>>
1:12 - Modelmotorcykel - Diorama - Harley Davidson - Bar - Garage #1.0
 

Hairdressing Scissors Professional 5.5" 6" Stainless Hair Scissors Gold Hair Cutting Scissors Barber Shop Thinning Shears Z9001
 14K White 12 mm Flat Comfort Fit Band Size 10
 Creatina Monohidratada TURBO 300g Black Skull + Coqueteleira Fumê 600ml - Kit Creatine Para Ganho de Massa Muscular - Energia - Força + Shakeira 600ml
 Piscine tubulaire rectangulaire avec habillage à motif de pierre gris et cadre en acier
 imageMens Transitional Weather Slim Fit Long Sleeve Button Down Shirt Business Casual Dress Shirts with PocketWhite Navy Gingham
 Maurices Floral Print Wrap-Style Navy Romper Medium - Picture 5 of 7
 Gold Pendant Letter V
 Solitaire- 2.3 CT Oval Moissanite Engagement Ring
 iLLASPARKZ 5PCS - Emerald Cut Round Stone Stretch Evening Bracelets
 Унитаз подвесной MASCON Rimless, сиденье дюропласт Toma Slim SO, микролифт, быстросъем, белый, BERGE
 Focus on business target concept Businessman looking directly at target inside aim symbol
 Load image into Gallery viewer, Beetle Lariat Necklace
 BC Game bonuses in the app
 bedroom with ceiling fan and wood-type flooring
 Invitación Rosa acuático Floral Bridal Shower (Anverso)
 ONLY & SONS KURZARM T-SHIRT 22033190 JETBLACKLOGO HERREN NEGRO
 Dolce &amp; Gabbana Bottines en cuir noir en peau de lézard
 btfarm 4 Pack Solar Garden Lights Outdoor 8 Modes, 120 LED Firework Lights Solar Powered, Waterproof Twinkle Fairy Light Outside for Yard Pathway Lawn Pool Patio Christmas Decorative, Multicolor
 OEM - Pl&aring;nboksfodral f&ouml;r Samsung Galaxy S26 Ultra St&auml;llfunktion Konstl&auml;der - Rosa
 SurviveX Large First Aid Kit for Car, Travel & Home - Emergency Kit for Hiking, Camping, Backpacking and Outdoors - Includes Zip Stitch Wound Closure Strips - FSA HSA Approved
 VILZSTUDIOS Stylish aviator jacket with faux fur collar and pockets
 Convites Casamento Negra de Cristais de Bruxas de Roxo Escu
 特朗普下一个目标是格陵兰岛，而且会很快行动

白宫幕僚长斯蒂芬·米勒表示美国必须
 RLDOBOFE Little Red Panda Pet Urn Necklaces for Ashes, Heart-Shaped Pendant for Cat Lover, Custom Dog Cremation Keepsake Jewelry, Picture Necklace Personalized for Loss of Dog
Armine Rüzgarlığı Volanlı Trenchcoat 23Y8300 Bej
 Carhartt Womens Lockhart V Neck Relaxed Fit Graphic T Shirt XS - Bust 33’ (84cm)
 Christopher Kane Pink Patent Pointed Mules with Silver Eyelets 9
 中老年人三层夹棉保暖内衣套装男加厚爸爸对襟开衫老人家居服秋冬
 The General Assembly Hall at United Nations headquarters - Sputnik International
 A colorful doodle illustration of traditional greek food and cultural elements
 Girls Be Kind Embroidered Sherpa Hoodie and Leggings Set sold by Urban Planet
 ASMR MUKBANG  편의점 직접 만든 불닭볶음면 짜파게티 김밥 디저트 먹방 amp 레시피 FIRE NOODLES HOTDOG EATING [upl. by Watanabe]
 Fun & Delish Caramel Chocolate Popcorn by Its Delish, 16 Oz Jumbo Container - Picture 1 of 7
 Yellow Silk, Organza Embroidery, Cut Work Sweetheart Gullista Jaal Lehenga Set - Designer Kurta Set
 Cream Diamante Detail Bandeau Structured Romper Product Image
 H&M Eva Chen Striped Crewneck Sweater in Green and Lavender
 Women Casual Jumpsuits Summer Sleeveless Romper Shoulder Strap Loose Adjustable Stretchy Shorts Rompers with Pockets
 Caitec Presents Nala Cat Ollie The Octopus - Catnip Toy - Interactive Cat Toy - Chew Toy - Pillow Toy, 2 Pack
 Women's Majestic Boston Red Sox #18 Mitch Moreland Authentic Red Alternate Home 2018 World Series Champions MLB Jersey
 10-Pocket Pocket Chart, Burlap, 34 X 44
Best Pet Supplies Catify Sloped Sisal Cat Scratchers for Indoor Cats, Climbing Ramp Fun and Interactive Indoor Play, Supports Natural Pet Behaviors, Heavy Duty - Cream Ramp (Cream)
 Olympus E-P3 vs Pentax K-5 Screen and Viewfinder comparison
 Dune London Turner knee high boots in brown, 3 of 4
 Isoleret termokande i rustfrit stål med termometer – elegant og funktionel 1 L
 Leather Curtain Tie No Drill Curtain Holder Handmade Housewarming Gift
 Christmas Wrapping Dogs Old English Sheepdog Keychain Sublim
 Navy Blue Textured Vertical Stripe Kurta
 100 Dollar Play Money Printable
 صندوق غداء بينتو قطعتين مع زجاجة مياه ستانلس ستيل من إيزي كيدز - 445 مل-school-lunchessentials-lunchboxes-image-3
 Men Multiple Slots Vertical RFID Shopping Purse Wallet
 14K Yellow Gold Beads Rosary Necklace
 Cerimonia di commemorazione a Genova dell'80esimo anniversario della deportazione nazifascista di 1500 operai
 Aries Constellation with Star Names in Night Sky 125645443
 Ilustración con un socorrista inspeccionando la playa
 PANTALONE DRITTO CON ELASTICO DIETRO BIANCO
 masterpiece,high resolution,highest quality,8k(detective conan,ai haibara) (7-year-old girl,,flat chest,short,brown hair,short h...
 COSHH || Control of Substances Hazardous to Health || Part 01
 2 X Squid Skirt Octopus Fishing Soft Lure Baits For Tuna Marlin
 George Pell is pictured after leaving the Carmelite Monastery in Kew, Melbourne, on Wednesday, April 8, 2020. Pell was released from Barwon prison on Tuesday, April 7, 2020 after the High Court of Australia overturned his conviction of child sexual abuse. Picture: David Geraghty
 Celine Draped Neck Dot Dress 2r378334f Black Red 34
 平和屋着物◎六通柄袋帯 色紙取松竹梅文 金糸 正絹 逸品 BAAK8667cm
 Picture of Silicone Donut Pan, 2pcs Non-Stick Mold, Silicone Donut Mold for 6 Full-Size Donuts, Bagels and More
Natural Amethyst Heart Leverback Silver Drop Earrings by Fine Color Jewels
<<
Goal of the exercise:
For the listing above, give the number of lines in which the string "Necklace" occurs, and nothing else.

Result for this task:
3